An Endless House, a Childhood Secret
Author: Mark Z. Danielelewski
I remember prowling through Barnes and Noble as a teen and invariably running across House of Leaves, picking it up, and flipping through to see the bizarre format: words stair stepping down pages, inverted, magnified, split. This layout, among other things, gained House of Leaves its notoriety. At the bookstore I’d always read the back cover, flirt with the idea of buying the book and seeing what all the fuss was about, but I’d always end up putting it right back on the shelf and walking away. I was discouraged by the whimsical formatting and sheer volume of the book. But, as fate and book clubs would have it, I finally did buy House of Leaves and read it. The bizarreness of the format is the least of the book’s eccentricities, and it falls somewhere between genius and insanity, much like its multipronged plot.
There are really two stories linked together by an enigmatic old man (Zampano) who dies alone, leaving a strange manuscript (a life’s work really) that dissipated teen Johnny Truant finds and becomes obsessed with reading. As Johnny reads he learns about the Navidsons, a seemingly ordinary family, whose new house grows and shrinks, adding strange, endless corridors and rooms filled with growls. As Zampano’s research follows the family down the dark halls of their own frailties and the very literal shifting halls of their home, Johnny becomes paranoid.

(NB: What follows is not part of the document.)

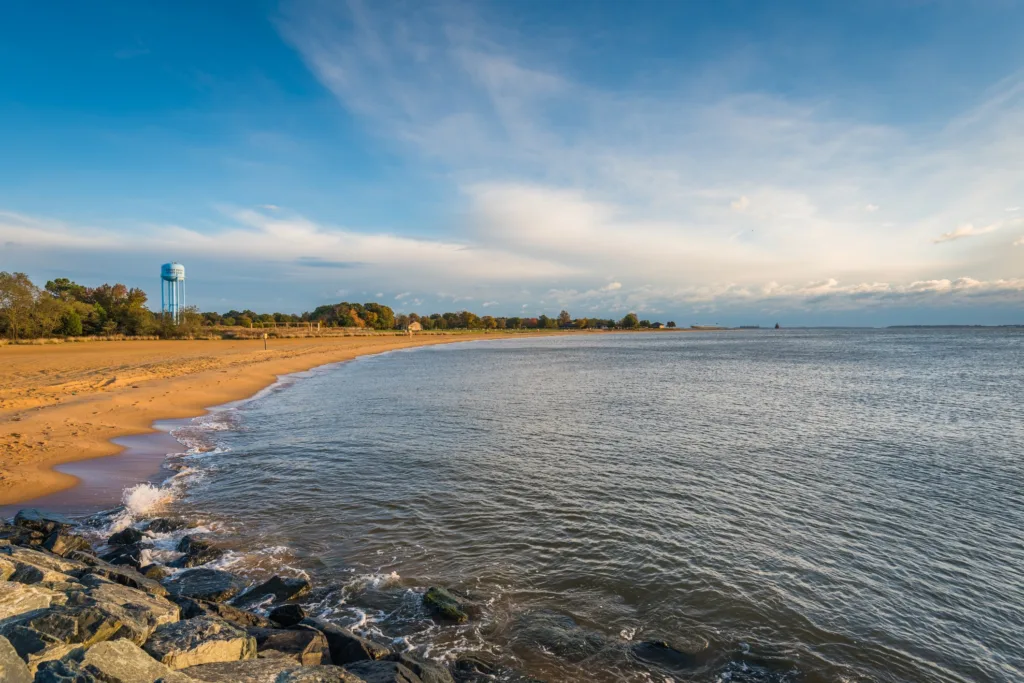 The beach at Sandy Point State Park, in Annapolis, Maryland.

Although the story is written as truth – a scholarly work with an unnecessary amount of philosophy, quotes, footnotes, and the occasional dalliance with Greek – in the real world Johnny can find nothing to back up this seeming fiction. Is there something in this old man’s work that is supernatural, something that is leading Johnny into his own dark night of the soul, or is it all a structural coincidence, this disintegration of fake and real lives that are suspended between darkness and an echoing need.
The Navidson aspect of The House of Leaves is where the good story is at, although it is weighed down with a distracting amount of fake academia, from endless made-up citations to overly analyzed, quirky philosophies that tack on hundreds of extra pages of pure fluff. But when you brush this all aside, the idea of a house that exceeds the laws of physics, adding on to itself and shifting, creating limitless empty corridors, is oddly haunting, despite the overdone intelligentsia that wants to add more to the story than its basic eeriness. The fact that Navidson and his partner are torn apart by fear, neediness, and curiosity makes them resonate, and I found myself tracking through the blighted landscape of asides just to find out what happened to the Navidsons and how they addressed the unanswerable aspects of their supernatural house.

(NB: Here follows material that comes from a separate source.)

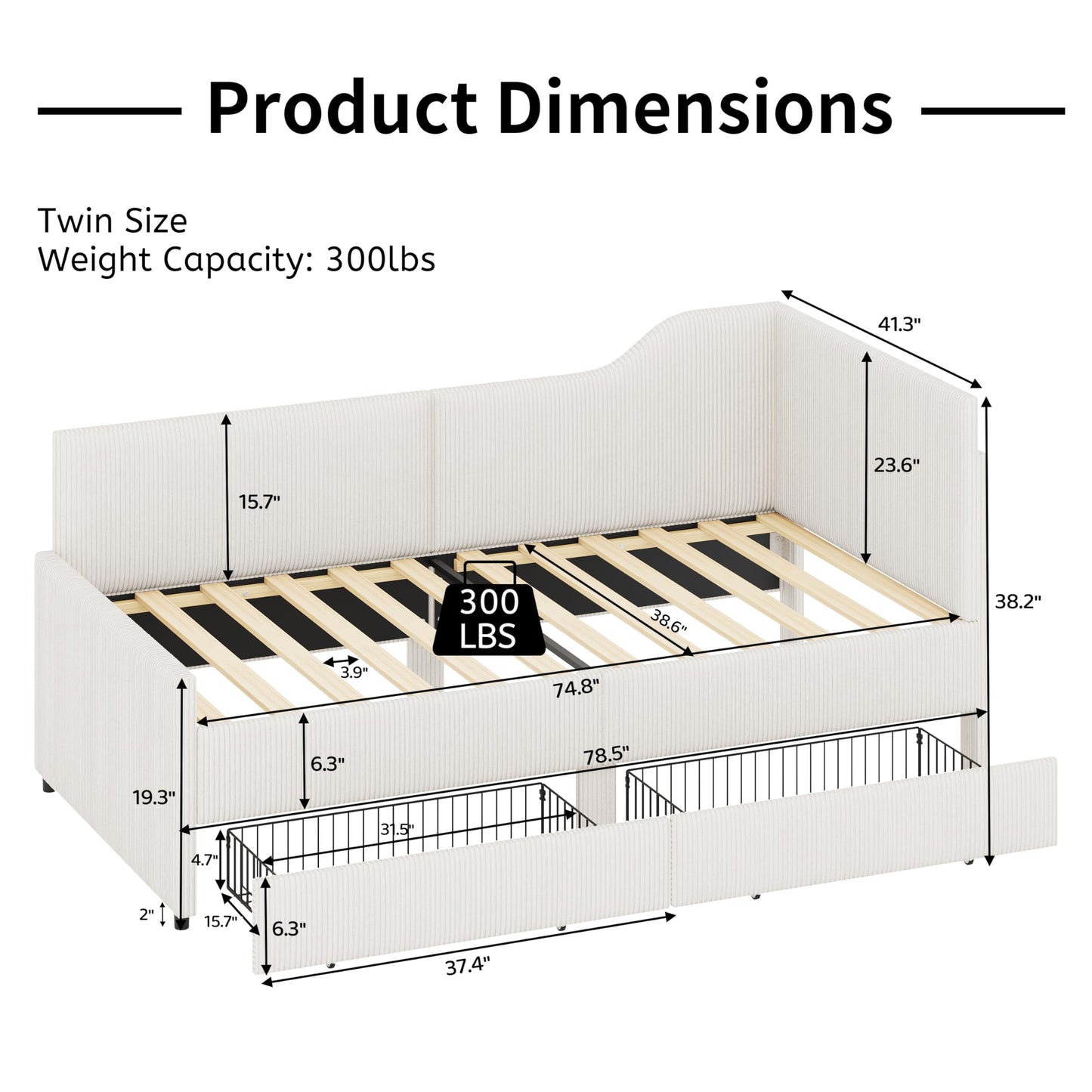 GDFStudio Twin Size L Shaped Corduroy Daybed Upholstered Bed Frame with 2 Storage Drawers Wooden Slats Semi Enclosed Design No Box Spring Needed, Beige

Johnny Truant, on the other hand, is the other side of the story, one that I had to groan and force myself through. Johnny is the washed-up artist type, a dissolute young man with too much intelligence and too little motivation. He drifts, occasionally falling apart, experimenting with drugs and going through an endless line of sexual exploits (more about that in a moment), and he over analyzes absolutely everything, from his dates to his druggy friend Lude’s grand stories. It is tedious. Johnny is a blow-hard and constantly interrupts the more interesting Navidson story. Ultimately, Johnny’s interruptions kind of become something. It evolves into a question of sanity, a far darker plot than the one of the limitless house, and there is a strange tragic beauty in it. But Johnny’s segment, especially his earlier asides, needed some severe cutting to make the end of his story more powerful.
And – back to what I was saying about Johnny’s sexual exploits. This story has a cool Easer egg in it that I had somehow missed. Ever heard of the early 90s singer Poe? You probably did hear the radio edited version of “Hey Pretty,” which comes from an album entirely dedicated to this book. Poe was the author’s sister, and she used House of Leaves as her inspiration. When the broadcast business said that no one would want to hear a female singer playing her songs, Poe got her by-then famous-ish brother to read lines from his book with her singing in the background. Thus Hey Pretty. This was a favorite song of my teenage years and a fun thing to discover.
Ultimately, House of Leaves has its good points, but this is a book that would greatly be helped by some pretty severe editing. And you know that quirky format that I mentioned – it adds nothing. It’s slightly psychedelic to begin with and in some ways mimics the mess of Zampano’s manuscript, but it soon becomes a tiresome gimmick. Overall, this is a niche book. Probably worth reading for people who can read a book fast and don’t mind trudging through the dull segments to get to the buried treasure of an idea or eerie image. Ultimately though, there are better books out there in the world, so read at your own risk. House of Leaves is interesting, occasionally clever, but ultimately only mediocre and kitschy. It is weighed down by its own attempt to be niche.